What is CRM and why do I care?

Jonathan Eyler-Werve

April 01, 2012

From a new colleague at a small and scrappy community organization_:_

I am writing to follow up on that software you mentioned for managing constituents.  Can you send me a link? — AM

And here was my reply:

Hi AM —

The big topic you are looking at is called “relationship management” or “constituent relationship management.”

Think of CRM as your address book on growth hormones, so that it becomes a logbook of every interaction you have with someone who has a stake in your organization. You can be as complete as saying every time your organization has an email, phone or event contact with someone, that goes into the database so you can see what that person’s relationship to your org is. This is useful for lots of things but essential for small donor fundraising — is this someone’s first gift, or their 10th? You want to treat them differently: an introduction, or an informal thank you, or whatever.

However, this can be fiendishly complicated to the unwary. You can spend tens of thousands of dollars on one of these systems and still not like it.

Much depends on the quality of your data. If you are starting from scratch (ie everyone has their own lists or no lists) then it’s sometimes easier than starting with a big but messy database. If your data is really big and really a mess, then there are tears.

CC by Juhan Sonin

Useless but pretty: visualizing connections in Wikipedia articles. By Juhan Sonin (CC/by)

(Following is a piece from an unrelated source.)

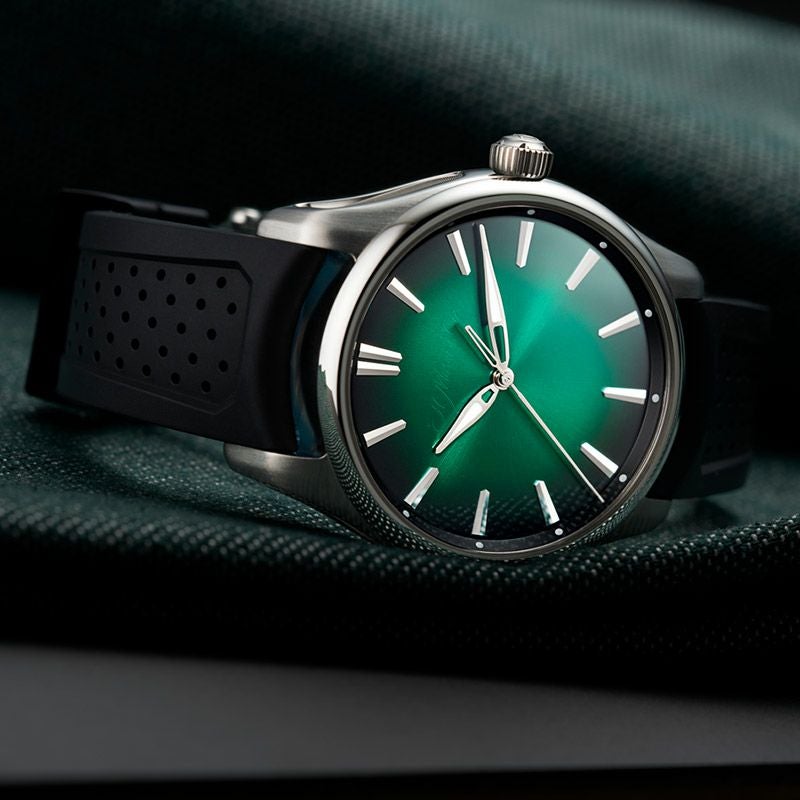 H.Moser & Cie. PIONEER CENTRE SECONDS COSMIC GREEN H.モーザー パイオニア・センターセコンド コズミックグリーン 3201-1201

It would be great if you could find someone knowledgeable and local to help you implement a solution. Face to face works best, and you need someone who is a good long term partner — not an intern, not a one time volunteer — they’ll be the ones who help this database grow with you over time. Someone on staff who wants to learn can work well too.

A basic system that you can try out for a month for free is HighRise by 37 Signals. It’s a minimalist approach that emphasizes easy to use basics. It runs $25 a month, which is usually well worth it if you are using it heavily. This is a good solution for a group with minimal tech support and little up front capital because it works out of the box and is bills monthly. If it’s not working,  you can shut it off.

Here’s an Idealware reading list on CRM, but frankly a lot of this advice makes my head hurt. It’s good, but pretty dense stuff.

Here’s an Aspiration manifesto on how nonprofits should think about technology. Recommended.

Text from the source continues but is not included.